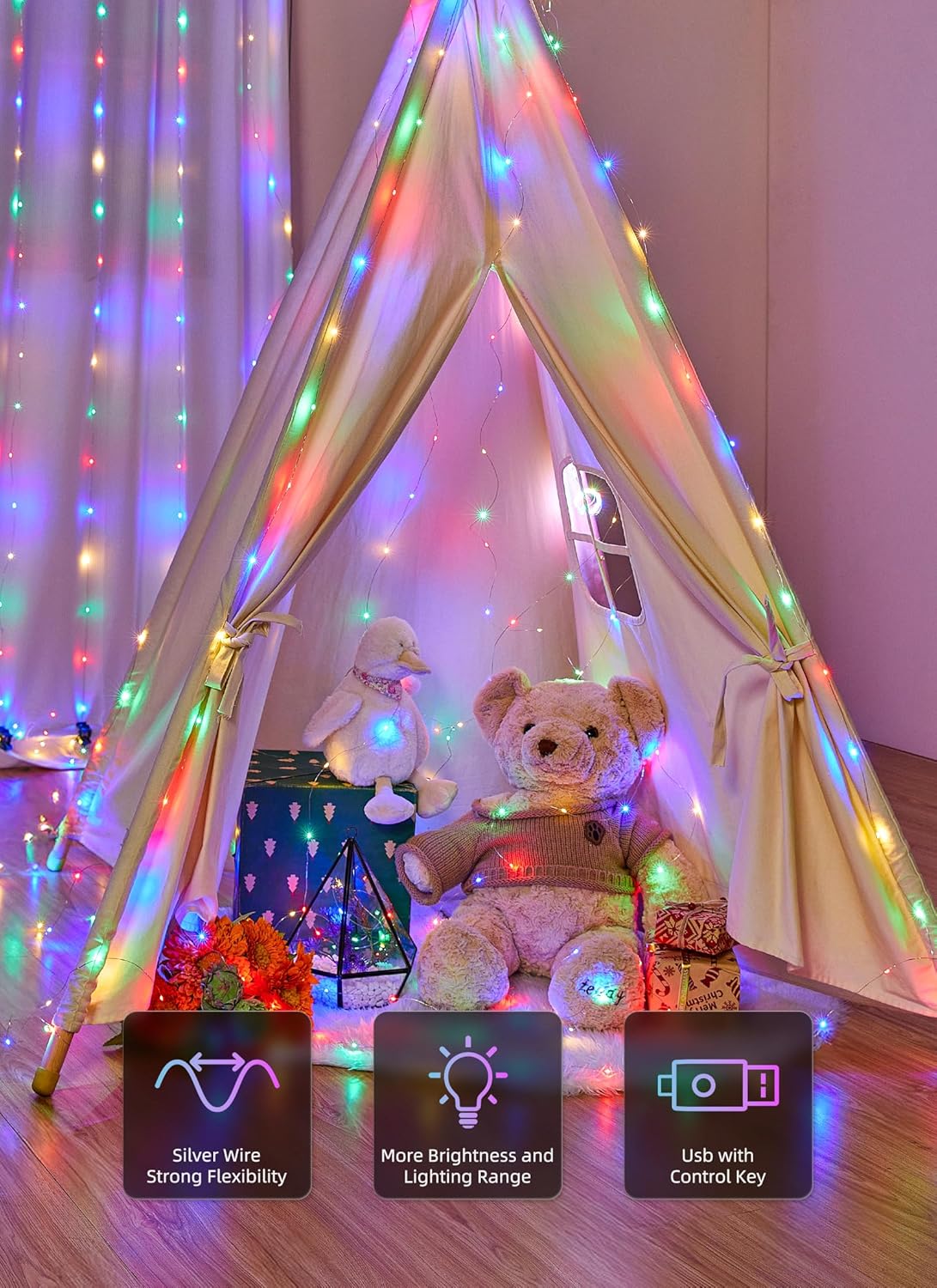 Brightown 300 LED Fairy Curtain Lights, 9.8ft x 9.8ft Multicolor Curtain String Lights, USB Plug in 8 Lighting Modes Christmas String Hanging Lights with Remote for Bedroom Indoor Outdoor Party Xmas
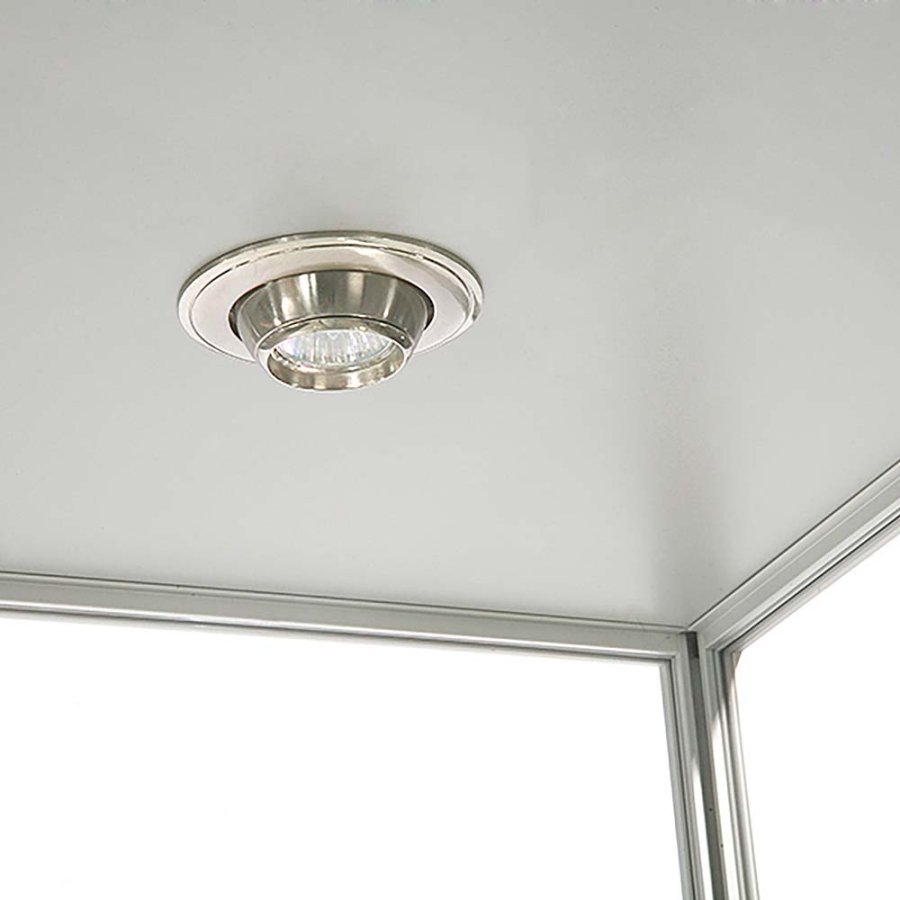 Vitrine - Showcase Tower Solo Glasvitrine mit Unterschrank, LED-Licht und Schloss - Silber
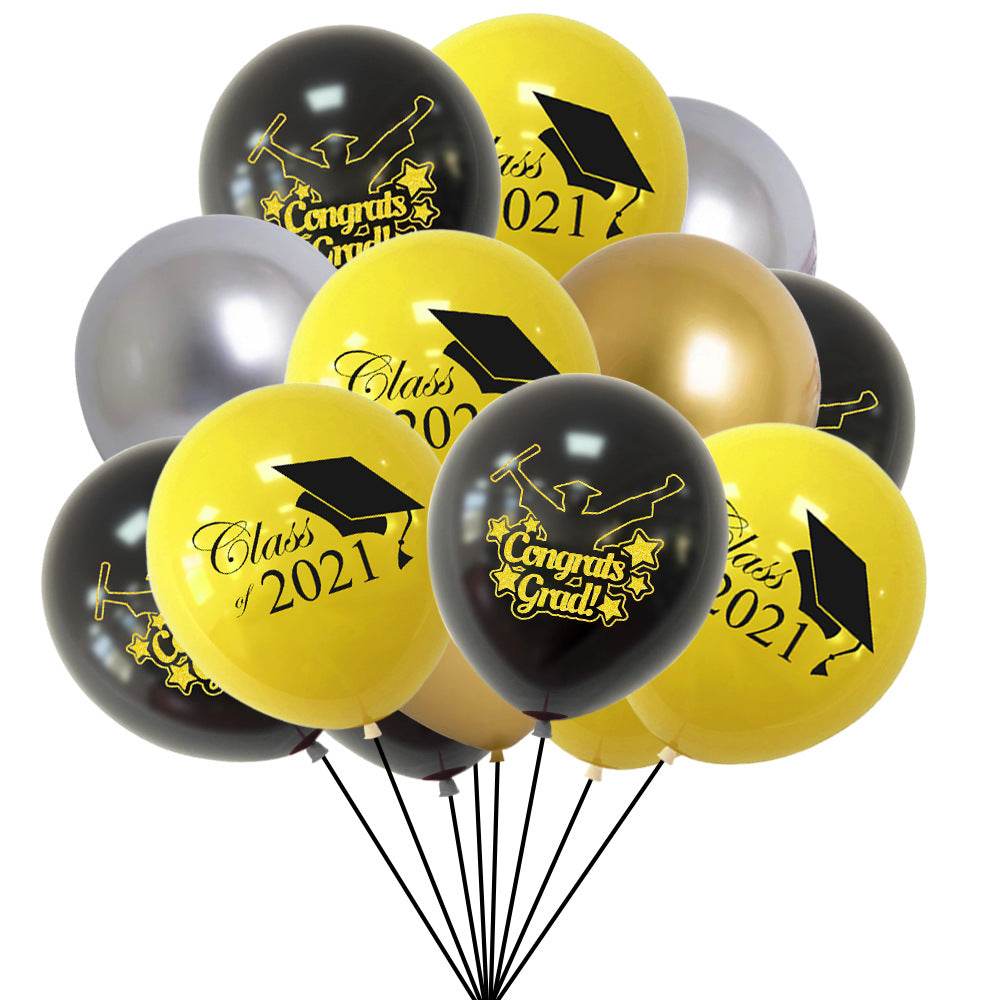 Graduation Party Paper Banner Graduation Season Printed Latex Balloons - Mubimart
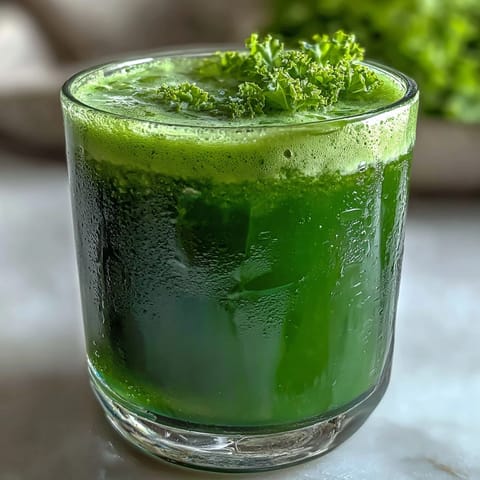 Bright Cabbage and Kale Detox Juice, vibrant green, served cold with lemon.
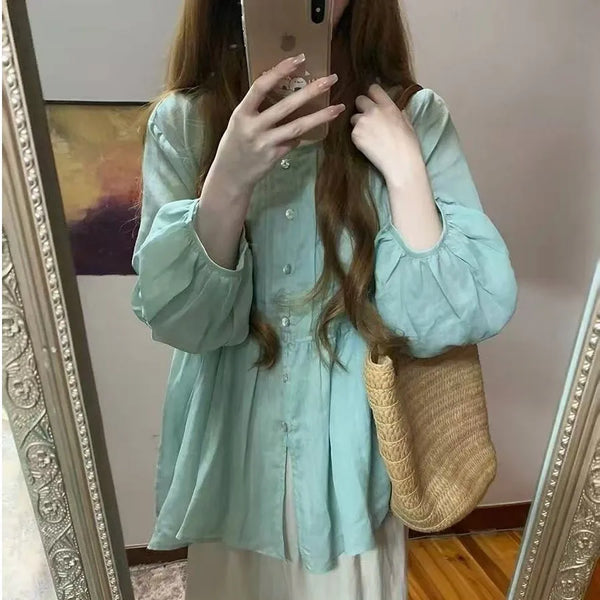 Plus Size Women's French-Style New-Style Long-Sleeve Puff-Sleeve Relaxed Fit Shirt Fits 331 lb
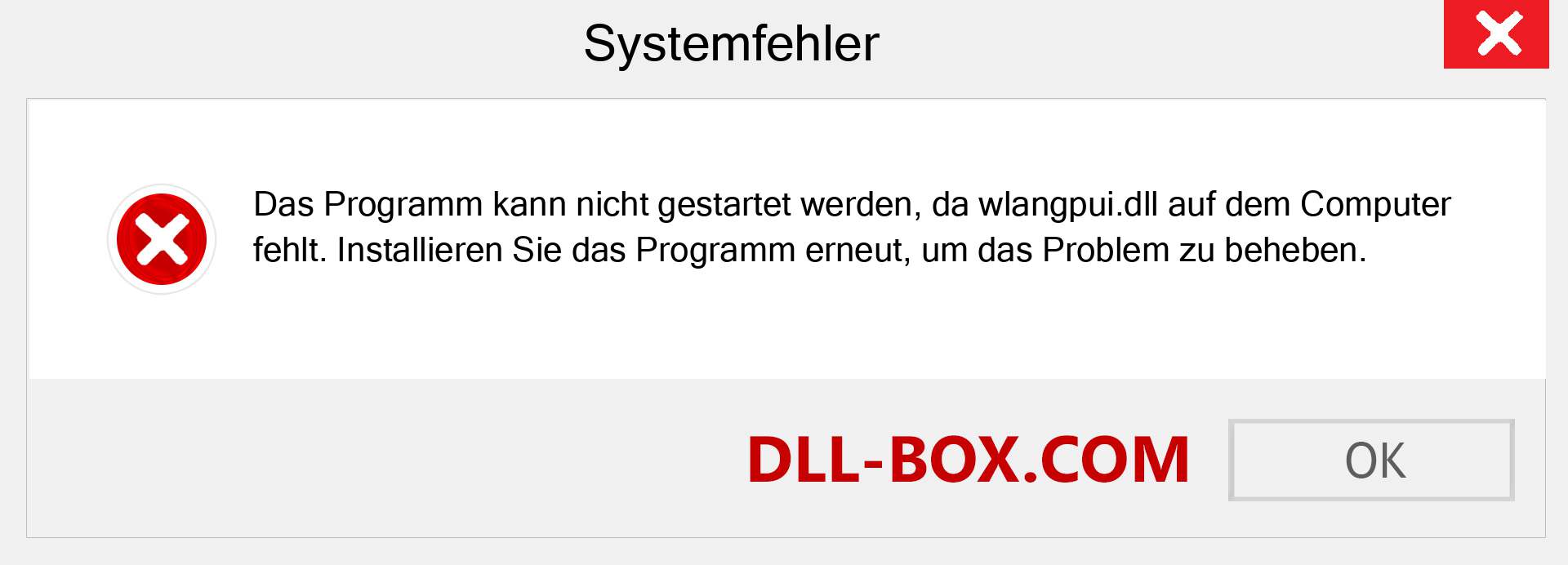 wlangpui.dll-Datei fehlt?. Download für Windows 7, 8, 10 - Fix wlangpui dll Missing Error unter Windows, Fotos, Bildern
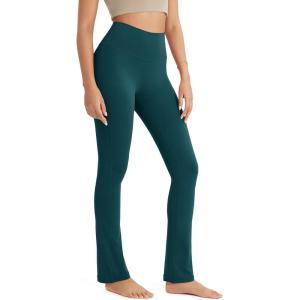 imageODODOS Cloud Feeling Straight Leg Pants with Back Pocket for Women High Waist Casual Lounge Yoga Pants 28quot  30quot InseamForest Teal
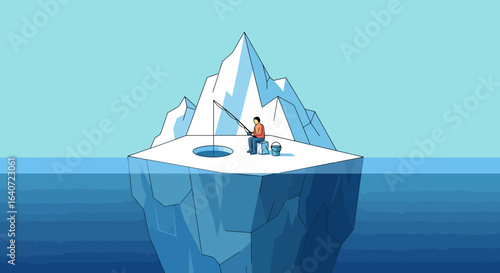 Arctic Angler Tranquility Man Fishing on Iceberg Surrounded by Cold Ocean Waters
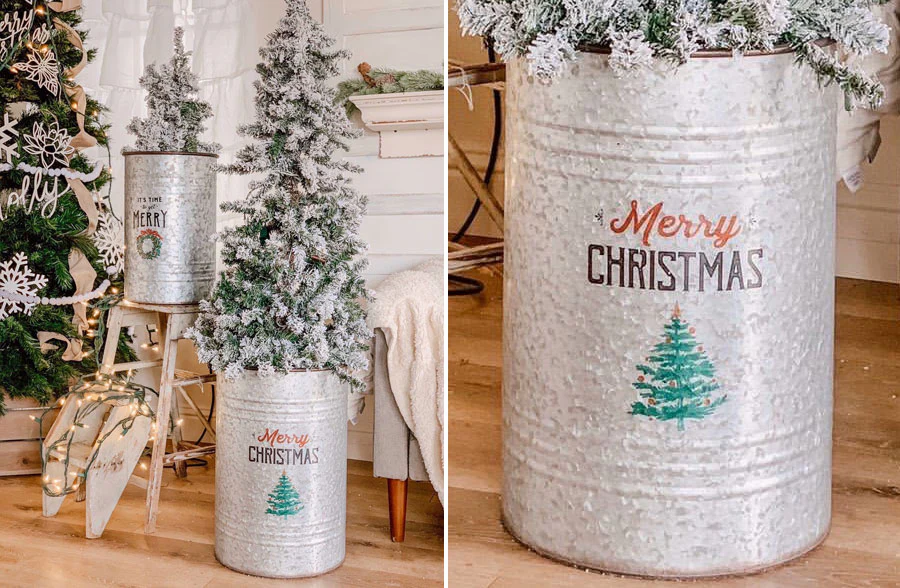 Galvanized Metal Drum Christmas Bins With Lids, Set of 2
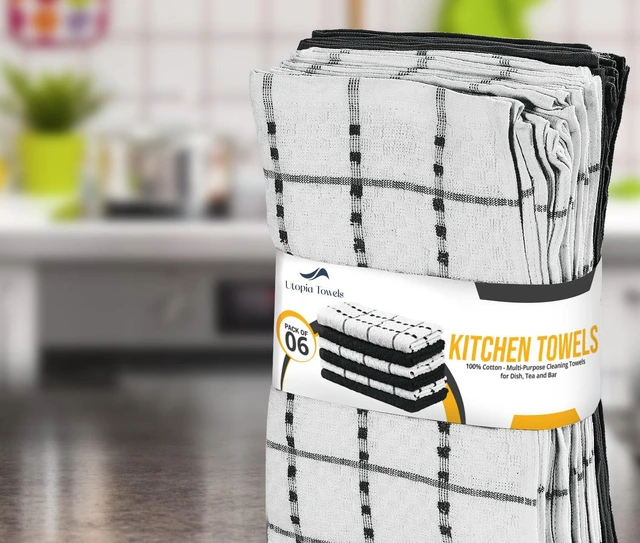 Alt view image 6 of 7 - Kitchen 12 Pack 15x25 Inch 100% Cotton Popcorn Terry | Super Soft, Absorbent, Tea and Bar Towel Set, Linen Dish Towels, Multipurpose Kitchen Use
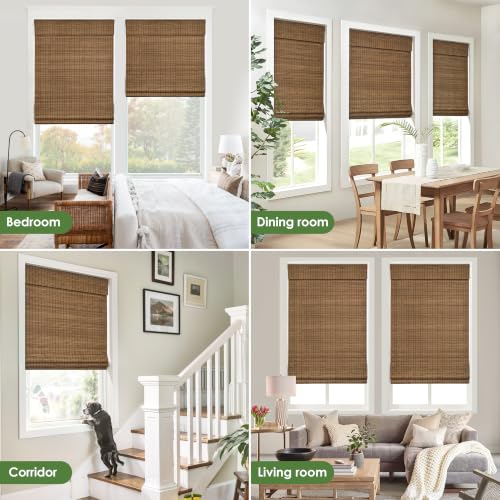 Cordless Bamboo Roman Shades - Highfield Teak, 35x64 Inches, Natural Window Covering - Privacy Variation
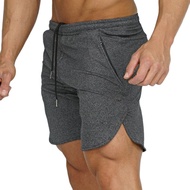 Men's 7" Gym Bodybuilding Shorts Split Hem Workout Lightweight Shorts Elastic Waistband With Zip Poc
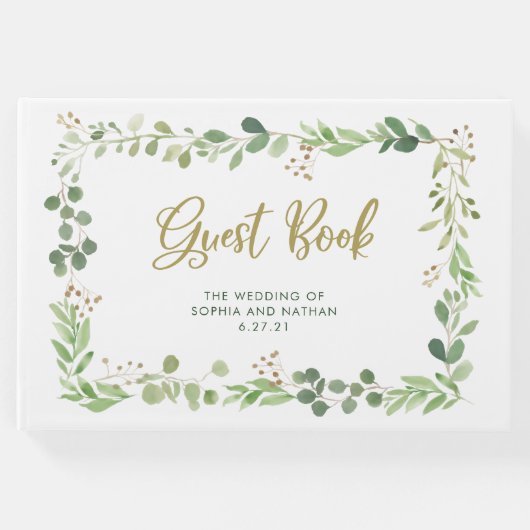 シンプルの緑 | ウェディング ゲストブック (正面)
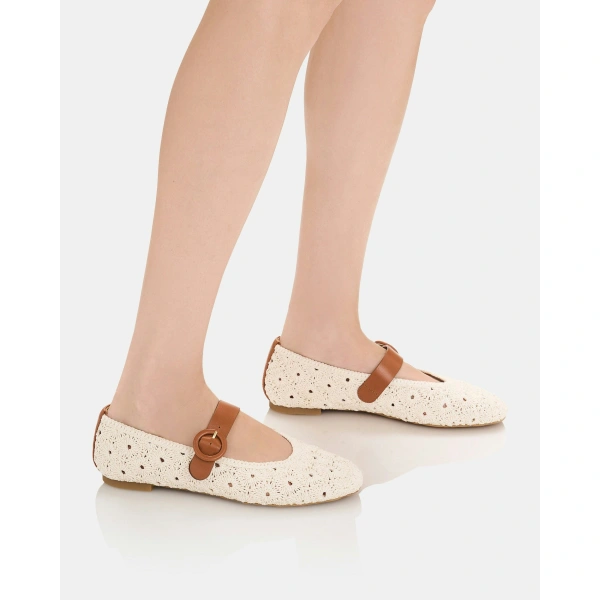 Aquazzura Loom Ballet in Cream and Tobacco, view 5 | Ballet Flats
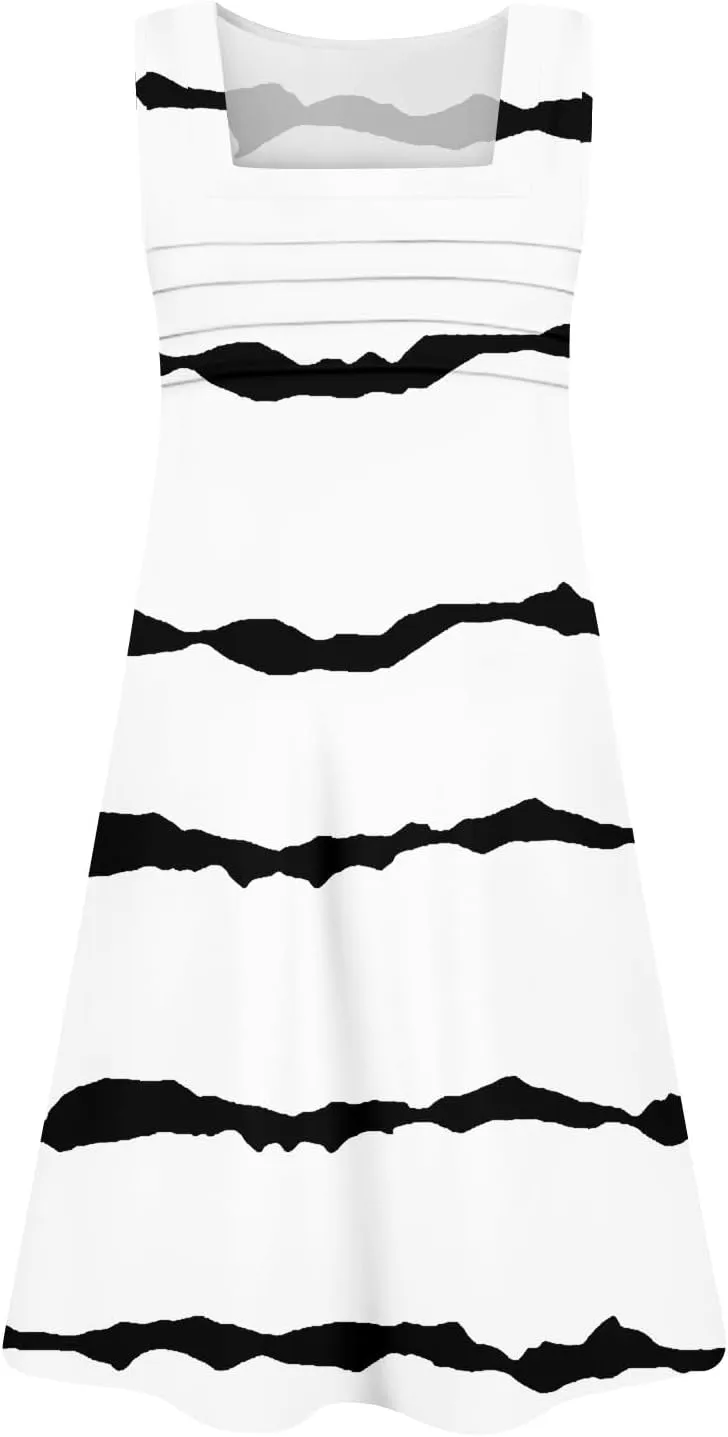 Summer Dresses for Women Sleeveless Casual Sundresses Square Neck Floral Pleated Front Tank Dress Loose T Shirt Dresses
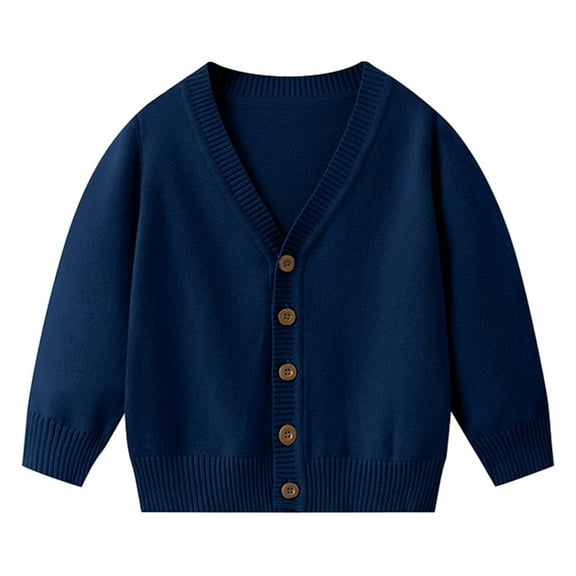 REDARER Classic Button Front Cardigan Knit Sweater for Girls and Boys Comfortable Open Front Coat for Kids,Kids Clothing,Size:2-3 Years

=======

• [The problem]:
Starting at the line that contains "imageODODOS Cloud Feeling", return every line through the end of the records above exactly as written, and return no pictures.

• [Your solution]:
 imageODODOS Cloud Feeling Straight Leg Pants with Back Pocket for Women High Waist Casual Lounge Yoga Pants 28quot  30quot InseamForest Teal
 Arctic Angler Tranquility Man Fishing on Iceberg Surrounded by Cold Ocean Waters
 Galvanized Metal Drum Christmas Bins With Lids, Set of 2
 Alt view image 6 of 7 - Kitchen 12 Pack 15x25 Inch 100% Cotton Popcorn Terry | Super Soft, Absorbent, Tea and Bar Towel Set, Linen Dish Towels, Multipurpose Kitchen Use
 Cordless Bamboo Roman Shades - Highfield Teak, 35x64 Inches, Natural Window Covering - Privacy Variation
 Men's 7" Gym Bodybuilding Shorts Split Hem Workout Lightweight Shorts Elastic Waistband With Zip Poc
 シンプルの緑 | ウェディング ゲストブック (正面)
 Aquazzura Loom Ballet in Cream and Tobacco, view 5 | Ballet Flats
 Summer Dresses for Women Sleeveless Casual Sundresses Square Neck Floral Pleated Front Tank Dress Loose T Shirt Dresses
 REDARER Classic Button Front Cardigan Knit Sweater for Girls and Boys Comfortable Open Front Coat for Kids,Kids Clothing,Size:2-3 Years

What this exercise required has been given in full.